The food here was sooo good too. It was buffet style as it always requires for such a big group. I had some carrot soup, some fried plantain, some good pieces of steak and salad, and rice, and some chicken too :) with some really good sauce and carmelized onions. SSOOO delicious.I don't want to show too many pictures, it was cool but something very real that at least I had to struggle with was this feeling of guilt of having people perform for me. Something that has such a cultural and historical significance like Capoeira and the quilombo dance with the skirts and sticks, and people have to resort to selling it to tourists because of their position in the economy. It's just really this feeling of privilege that I actually don't always feel in my own community. I really appreciate that they did this for us and yes it's a great form of entertainment, I love the berimbau and I like to do capoeira and enjoy children and others looking like they're enjoying themselves. So there is that thought that well this is something that has been passed down to them and they enjoy this activity, it's not like i'm sextouring, but at the same time I can never forget about the different power relation. So, what I'm doing is just keeping that in mind the cultural and historical importance of these things and know that well these are the consequences or being a tourist. In one way or another I will be seeing and experiencing things that won't have the same meaning to me as the people there, but I will try my best to find that meaning in them.
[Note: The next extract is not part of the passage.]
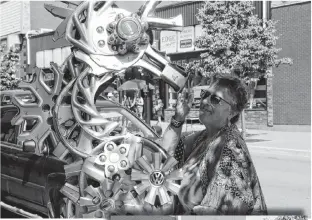  ?? BRAE SHEA/ JOURNAL PIONEER PHOTOS ?? ABOVE: Artist Georgina Markov and her hubcap seahorse sculpture at the Summerside Art Festival.
RIGHT: Lucie Benardette Bellmare’s industrial horse sculpture at the Summerside Art Festival.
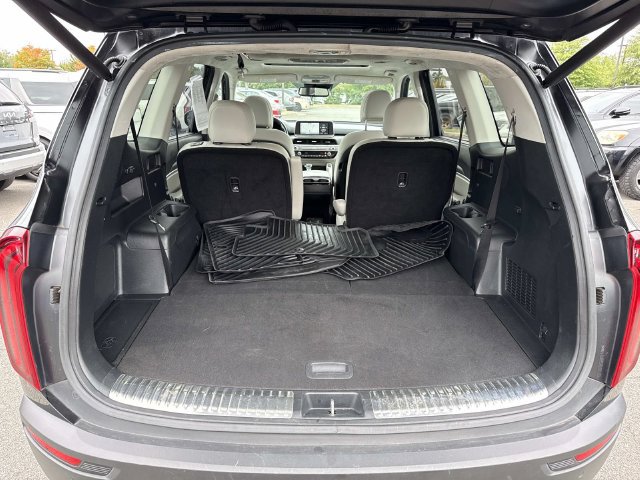 Used 2022 Kia Telluride SX w/ SX Prestige Package AWD/4WD image 12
But it also comes down to the fact that I see these people as people, I don't seperate myself in my mind so much from people that surround me. It's not like "I'm American" and the "Brazilians" I try not to think in labels, and I don't necessarily see it as people working for me, although you can't ignore that that is the power relation in most of these cases. I'm continuously trying to seek ways to reconcile this. I really encourage that before you travel anywhere you really should educate yourself on the contexts, and think about these power relations, and the problem with exoticism and othering.
The people are very welcoming though and like to tell people about the story and their experiences. I know they were recently given some kind of grant and I guess they also are partially funded by tourism, but their main deal is with fishing.

Then we came back. This picture above is of the lamp that is still there as symbol of Portugal and their colonization. It is an icon for Lençóis I believe because they are one of the few places that has still kept them.All these lunches as a group were provided for in our fees already so we didn't have to calculate with these expenses.
And after this lunch we were back on our way home. The whole 7 hours back.
We stopped at the same gas station to do some yoga (well that was mainly only me, but people stretched). This was that place that had the pineapple vendor, with the most delicious, juicy, sweet pineapples! And cheap too! I had some freshly made pineapple juice. and it saved me for what was going to come... tun tun tun...
Okay so some of my friends and i always ended up having to sit all the way in the back of the bus, which is right next to the bathroom. And at first everything is okay. We learned from last time--our way up to Lencois that this changes dramatically as time progresses, so we were insisting that peopel reconsider before using the restroom, but that didn't help. I felt like the smell exponentially worsened after they "cleaned" at the gas station, or I'm not really sure what they did to it, but it did not reik as terribly before that point, and then it just got unbearable. This is one of my friend covering his nose, I was inhaling into my pineapple cup until finally, it was seriously so bad--it was just worse than urine or feces. I feel like I could have withstood feced in my face more than this smell, so it is unexplainable as to why it would smell this bad but it got so strong that slowly we who were in the way back had to move up to the front of the bus and slowly the seat in front of us progressively started moving up because it was so unbearable! It was rediculous the back half was all up with the first half in the aisles, some of us sat thought because we still had such a long way to go.Yes it was a rather foul way to end this trip but even then, the smell of rotten feces could not have ruined this great adventure. The trip to Lençóis was by far one of the best travel experiences of my life!